■ **PROBLEM DETAILS**: Reproduce, exactly and in full, only the lines below from the one containing "Casa à venda com 3 quartos, 82m² - Foto 4" through the one containing "伊斯基亚Hotel Villa Svizzera Terme的海港和码头的空中景观".

■ **DATASET EXCERPTS**:

+-------+

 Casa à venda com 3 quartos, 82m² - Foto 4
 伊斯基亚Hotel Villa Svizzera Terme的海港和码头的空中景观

+-------+

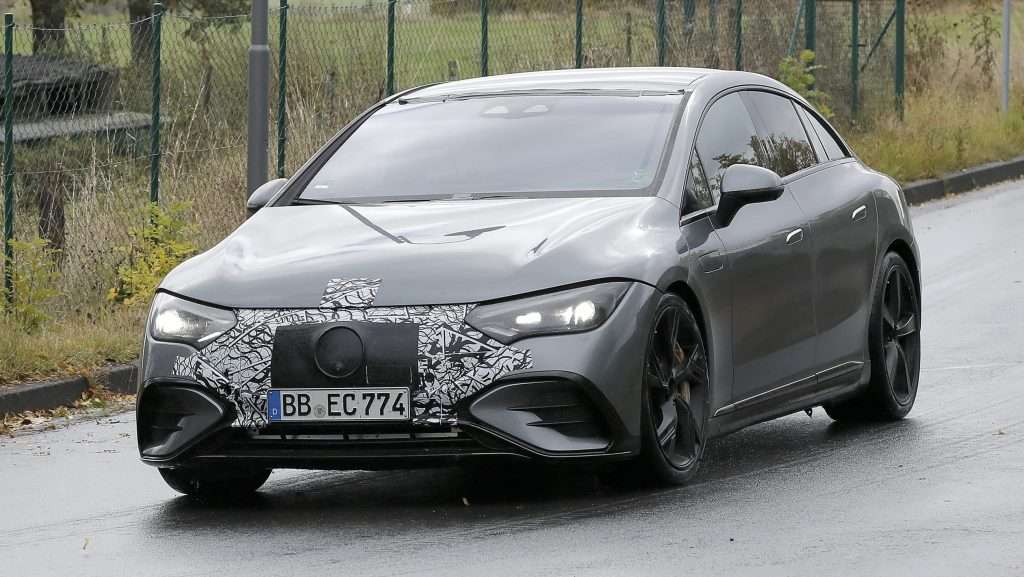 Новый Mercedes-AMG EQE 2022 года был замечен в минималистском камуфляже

+-------+

■ **RESPONSE**:
 Casa à venda com 3 quartos, 82m² - Foto 4
 伊斯基亚Hotel Villa Svizzera Terme的海港和码头的空中景观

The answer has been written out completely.